After reading that I am interested in palmitoyl oligopeptide because I'd like my 49 year old skin to be a little firmer. So I'll be looking into that more.


I agree with futurederm on this point: "Of the peptides included, palmitoyl pentapeptide has more research on it than any other, at least in topically-applied form." in their review of Peter Thomas Roth’s Un-Wrinkle Turbo Face Serum Review. However, I strongly disagree with their review overall. The product looks like a let's capitalize on peptide buzz words product. I cannot trust any company that takes a "throw in the kitchen sink" approach to formulation.
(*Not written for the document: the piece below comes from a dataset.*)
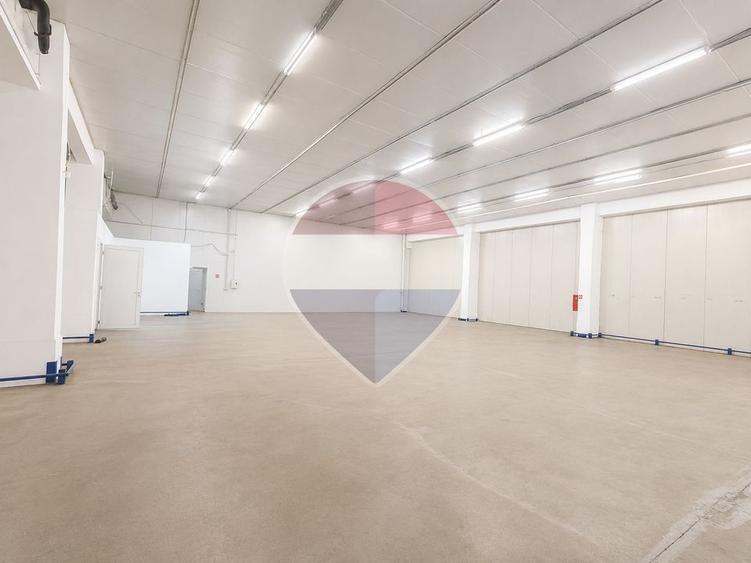 Spațiu industrial, de 590 mp, în Aeroport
The product even includes the ridiculous argireline (Acetyl Hexapeptide-3) which claims to be a neuromuscular junction blocker, similar to Botox, but topical instead of injection. The problem futurederm fails to mention is that applied on the surface of the skin this peptide cannot get down to the muscle layer where it purportedly acts. And, guess what - if it did your eyelids would start drooping (thinnest skin on the face, most vulnerable muscles). It is so non-science, that any company that hawks this stuff immediately gets put on my snake oil list. Can they not afford a single scientist, even as a consultant? (PTR was on the list already anyway for past sins). Anyway, look for products with Matrixyl - 3000, but ignore all those other "me too" peptides until and unless some better evidence comes along.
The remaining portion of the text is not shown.